-- Working data --
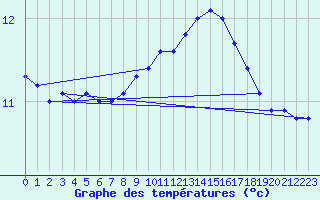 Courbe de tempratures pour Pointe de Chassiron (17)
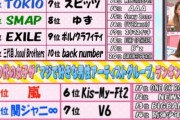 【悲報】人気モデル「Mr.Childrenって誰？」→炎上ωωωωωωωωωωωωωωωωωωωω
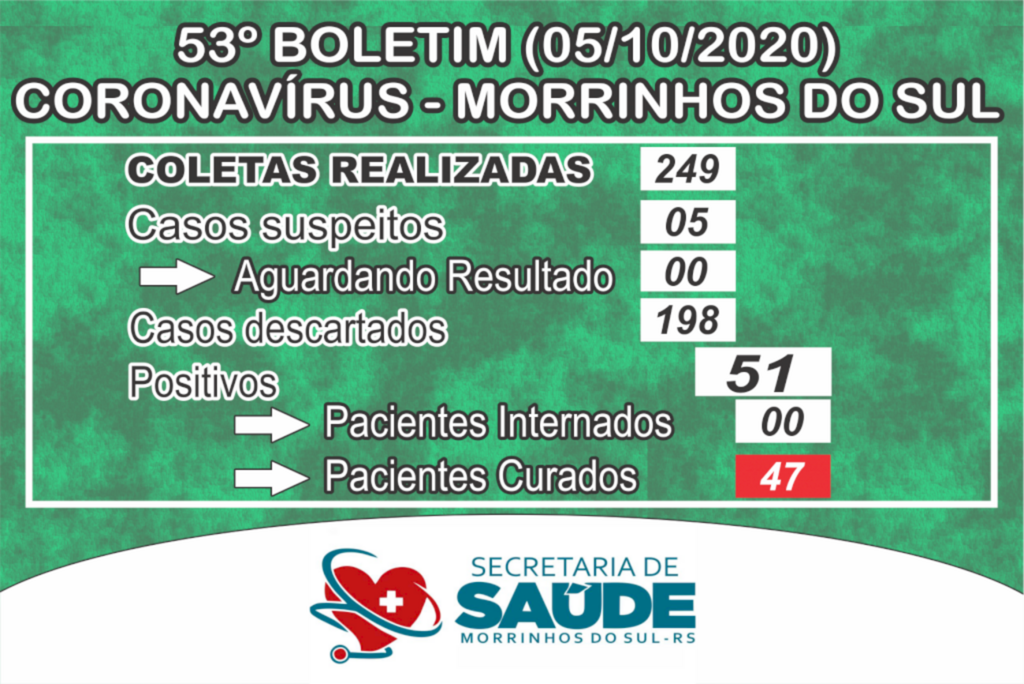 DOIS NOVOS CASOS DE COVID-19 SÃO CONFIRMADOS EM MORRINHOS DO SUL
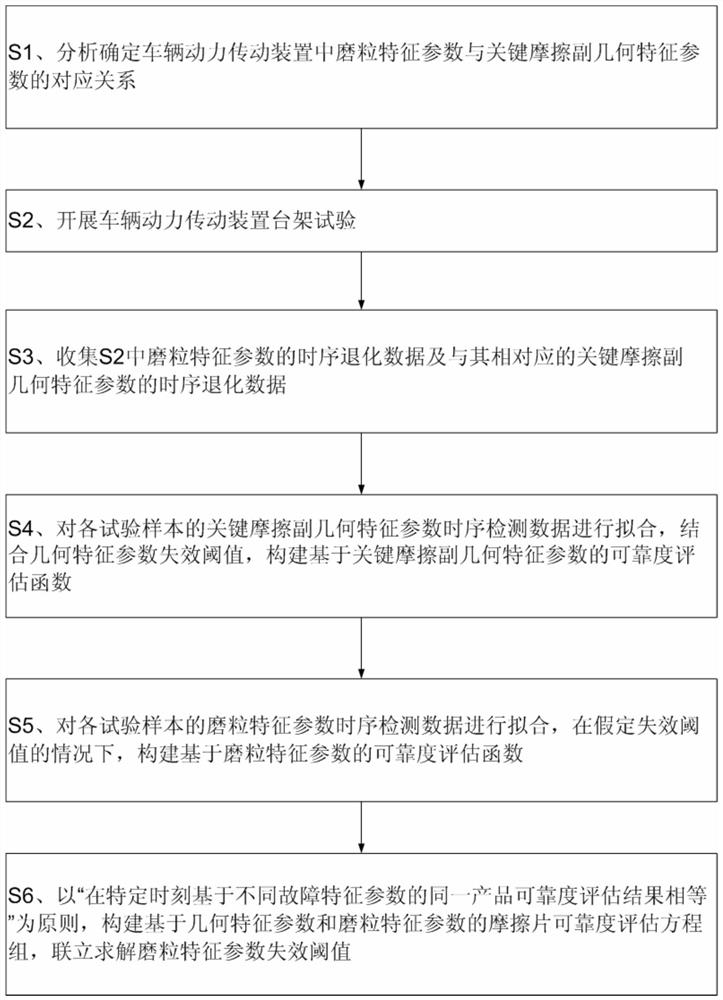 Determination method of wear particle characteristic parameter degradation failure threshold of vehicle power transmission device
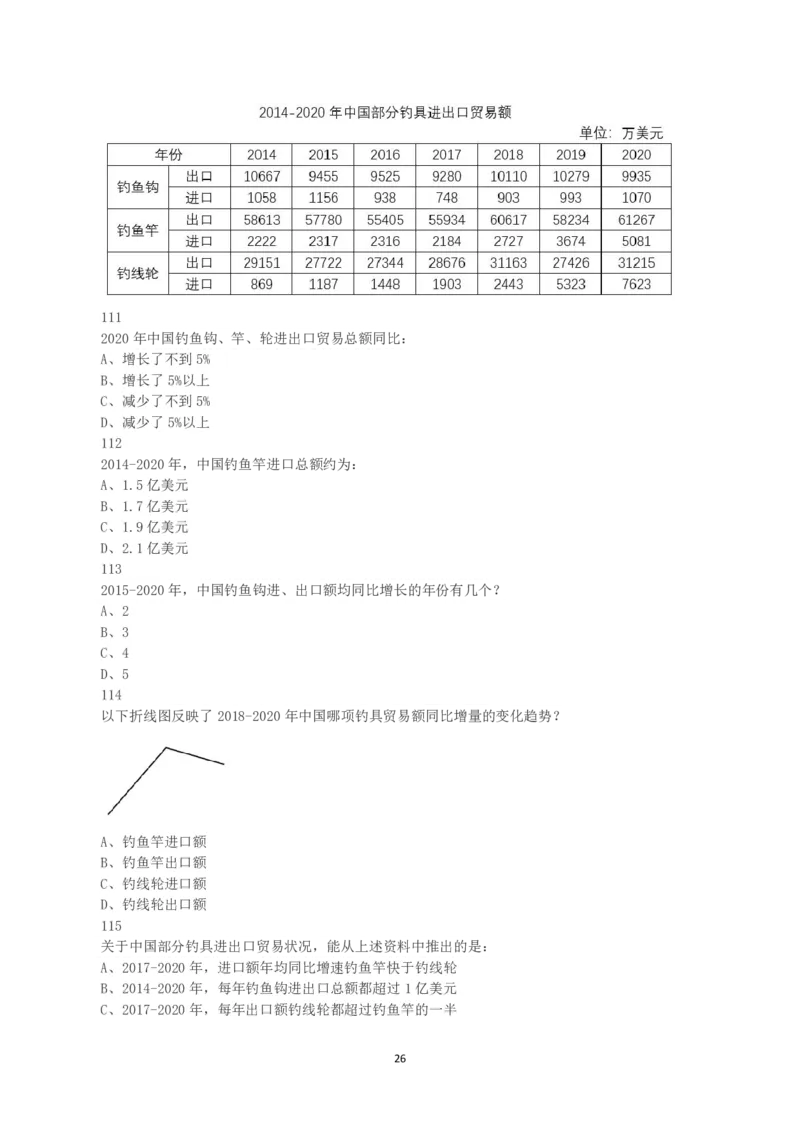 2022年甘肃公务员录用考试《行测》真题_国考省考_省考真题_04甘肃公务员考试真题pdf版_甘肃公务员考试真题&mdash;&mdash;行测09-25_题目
==
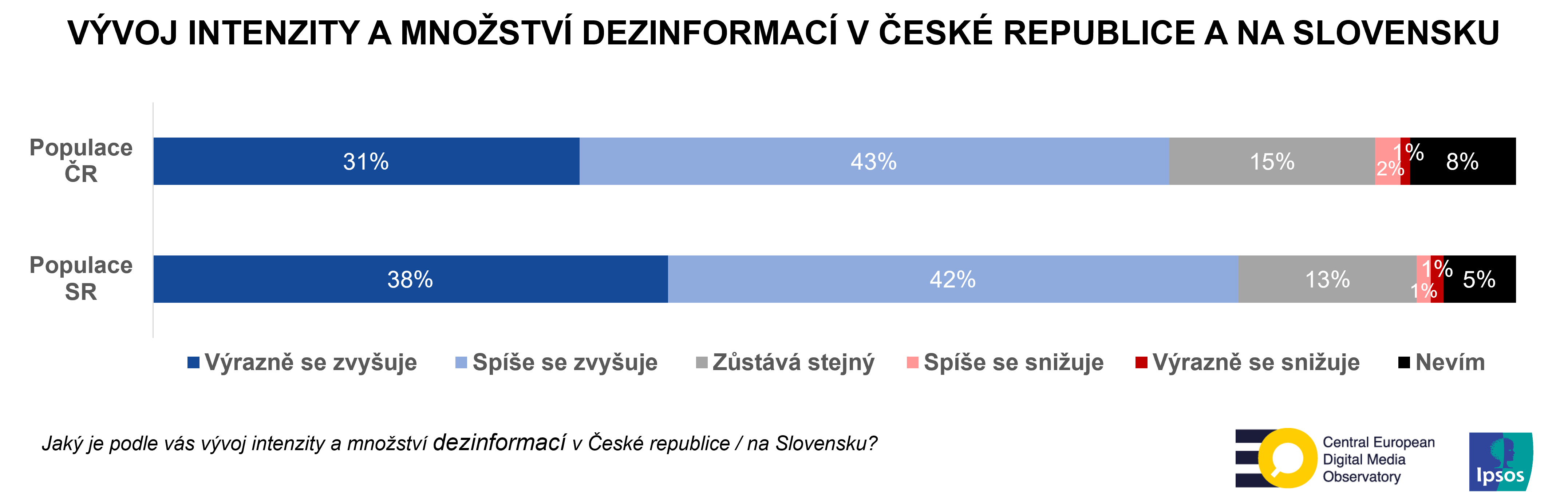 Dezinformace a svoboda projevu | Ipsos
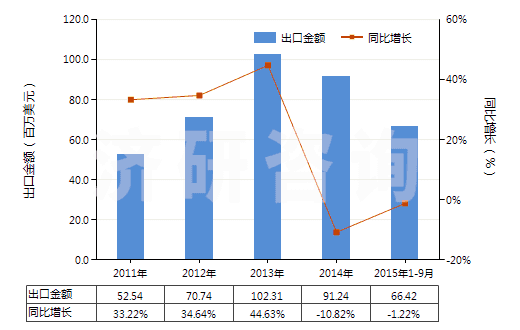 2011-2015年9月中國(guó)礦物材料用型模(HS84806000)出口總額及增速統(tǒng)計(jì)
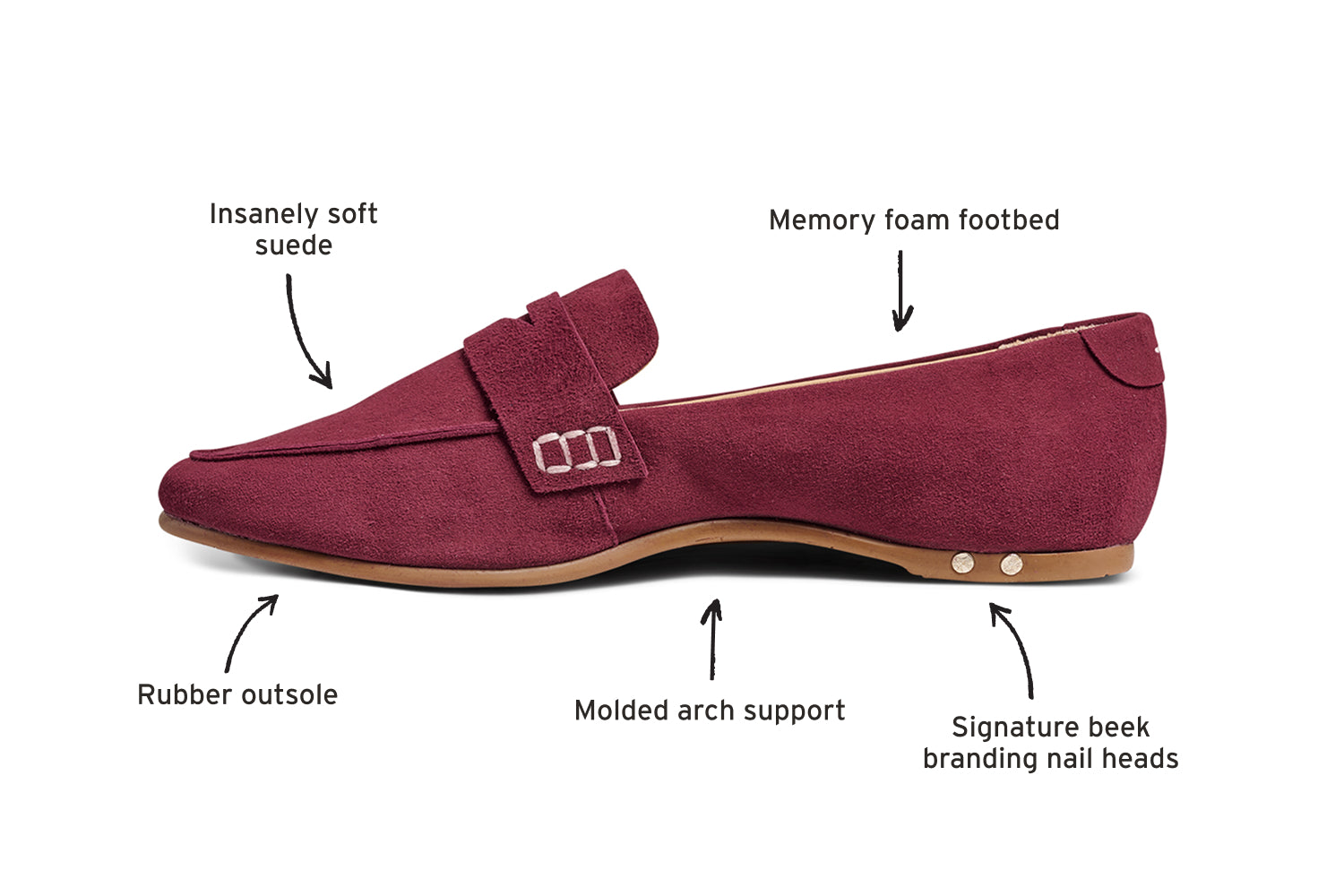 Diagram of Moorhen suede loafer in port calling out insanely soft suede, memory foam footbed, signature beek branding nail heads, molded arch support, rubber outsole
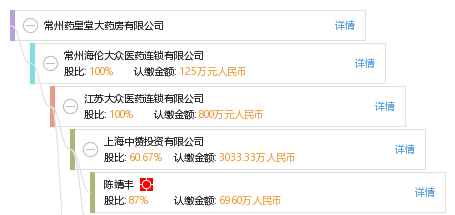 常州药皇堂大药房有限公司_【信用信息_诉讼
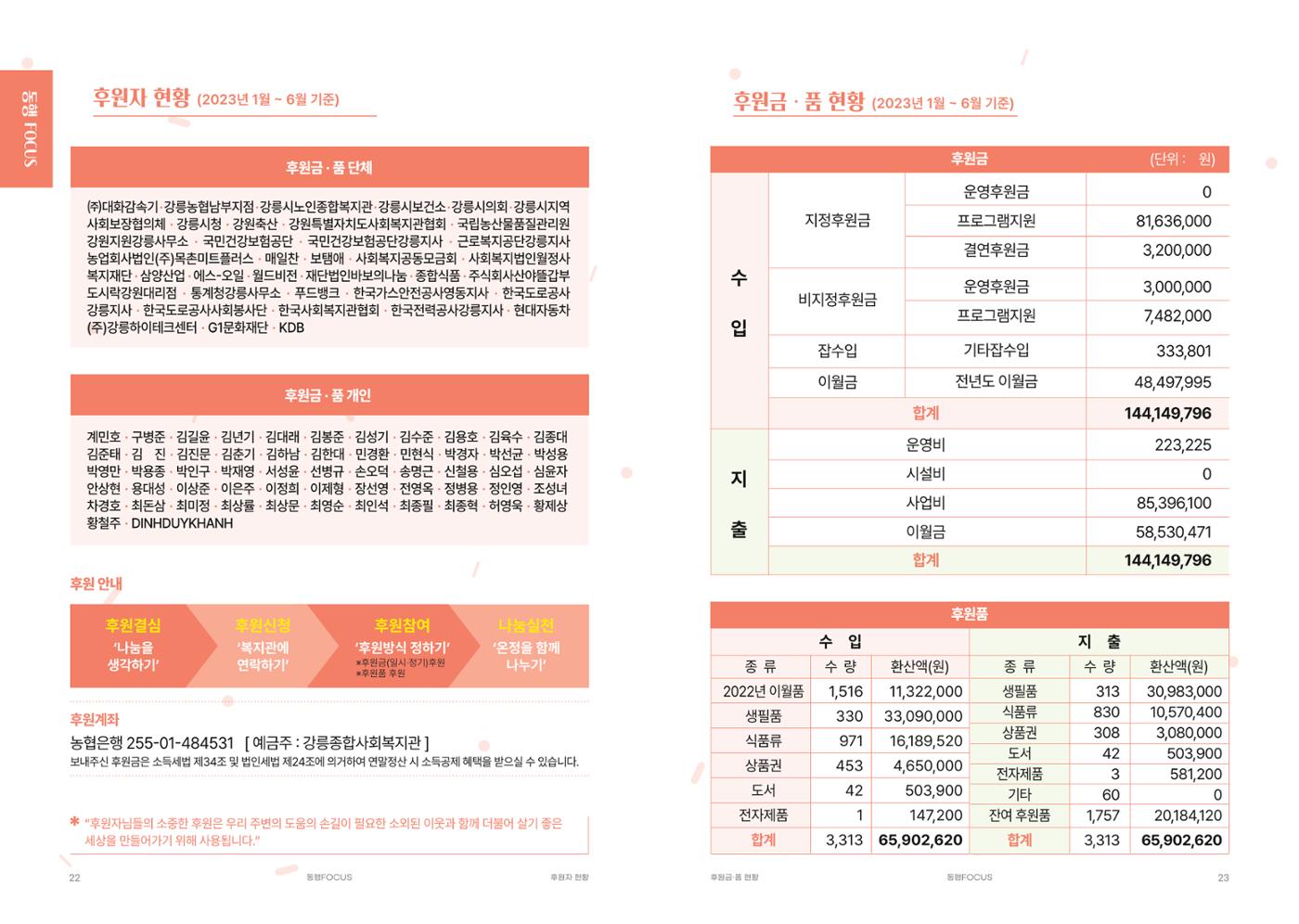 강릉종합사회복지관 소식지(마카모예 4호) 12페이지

-- Your instructions --
Pictures are to be left out. Write out only the lines above starting at the one with "Courbe de tempratures" and ending at the one with "2022年甘肃公务员录用考试", both lines included, exactly.

-- Response to this exercise --
 Courbe de tempratures pour Pointe de Chassiron (17)
 【悲報】人気モデル「Mr.Childrenって誰？」→炎上ωωωωωωωωωωωωωωωωωωωω
 DOIS NOVOS CASOS DE COVID-19 SÃO CONFIRMADOS EM MORRINHOS DO SUL
 Determination method of wear particle characteristic parameter degradation failure threshold of vehicle power transmission device
 2022年甘肃公务员录用考试《行测》真题_国考省考_省考真题_04甘肃公务员考试真题pdf版_甘肃公务员考试真题&mdash;&mdash;行测09-25_题目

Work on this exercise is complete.